Last years FDA recall of spinach was caused by E coli 0157:h7. The Ecoli 0157:h7 bacteria was actually in the spines of the plants not cross contaminated. This was caused by the plants up take of the bacteria from the ground water. Ecoli 0157:h7 does not live in the intestinal tracts of fish but could be put into the system by cross contamination.

 

Earl can you link to the FDA report that determined that the E coli was actually taken up by the plants...rather than cross contamination...

I'm struggling to grasp the biological mechanism that allow a plant to incorporate a bacteria into its cell structure...

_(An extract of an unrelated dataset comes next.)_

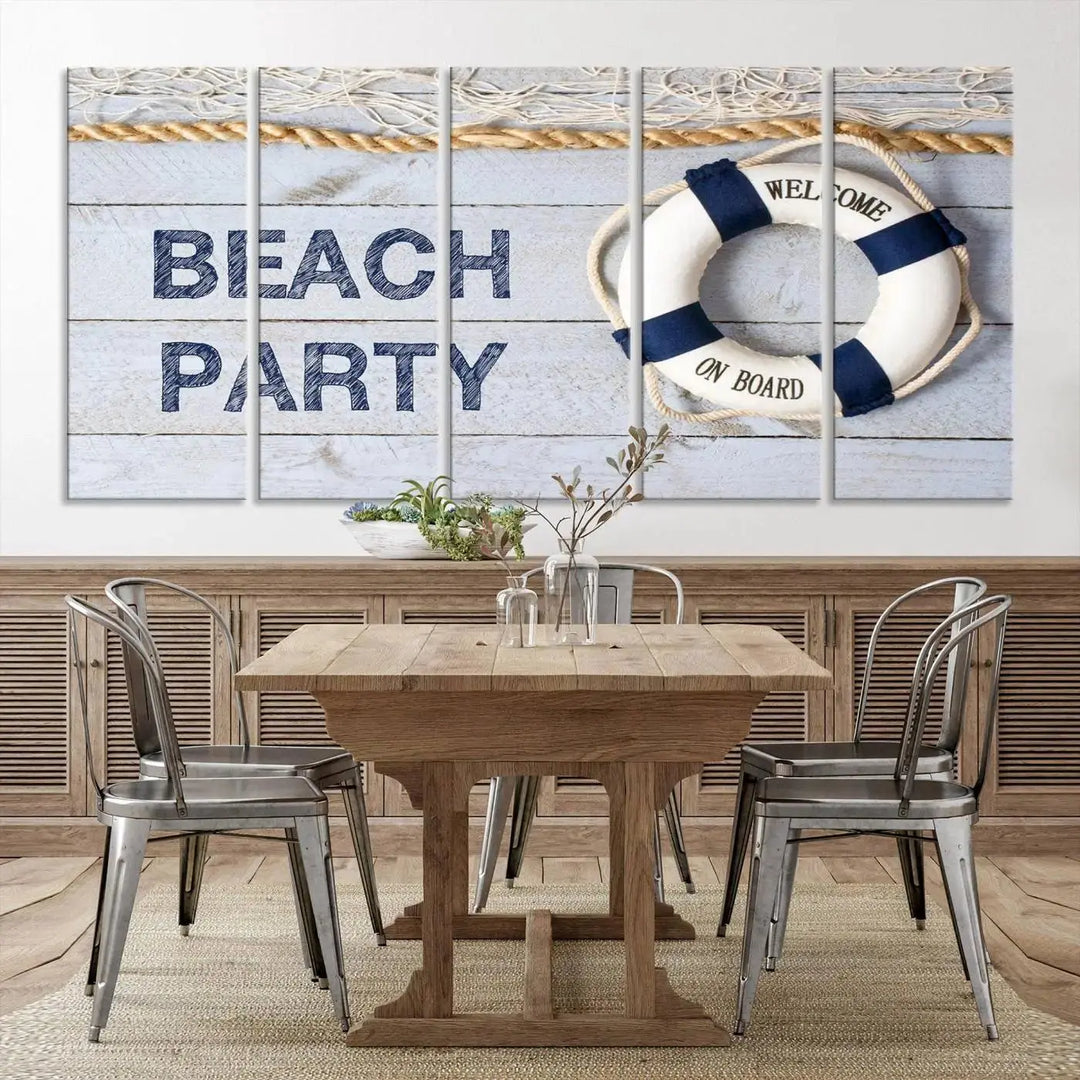 The Beach Party Sign Canvas Print Wall Art Lifebuoy Art Sailing Wall Art is a nautical-themed masterpiece ready to hang, featuring a life preserver and offering museum-quality seaside charm indoors.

All the FDA information I've read consistently refers to cattle and wild pig contamination of the irrigation wells and ground water... that was used not only to grow the crops...

But to wash the product during processing.... and utilised during sanitation of equipment..

No definitive determination could be made regarding how E. coli O157:H7 pathogens contaminated spinach in this outbreak.

 

http://www.marlerclark.com/2006_Spinach_Report_Final_01.pdf

 

The joint FDA/State of California field investigation found the same strain of E. coli O157:H7 as was involved in the illness outbreak in samples taken from a stream and from feces of cattle and wild pigs present on ranches implicated in the outbreak. The investigation team also found evidence that wild pigs have been in the spinach fields.

http://www.fda.gov/NewsEvents/Testimony/ucm110926.htm

 

 Using the product codes on the bags, and employing DNA fingerprinting on the bacteria from the bags, the investigators were able to match environmental samples of E.coli O157:H7 from one field to the strain that had caused the outbreak. Potential environmental risk factors for E.coli O157:H7 contamination at or near the field included the presence of wild pigs, the proximity of irrigation wells used to grow produce for ready-to-eat packaging, and surface waterways exposed to feces from cattle and wildlife.

Because the contamination occurred before the start of the investigation, and because of the many ways that E.coli O157:H7 can be transferred -- including animals, humans, and water -- the precise means by which the bacteria spread to the spinach remain unknown.

http://www.fda.gov/NewsEvents/Newsroom/PressAnnouncements/2007/ucm1...

Great discussion, everyone.  On an administrative note I agree with Dan and TC about creating a Food Safety group for this topic and using the text box for a list of valuable links.  Dan and Earl, you both seem like excellent candidates to take the lead on this.  Any volunteers?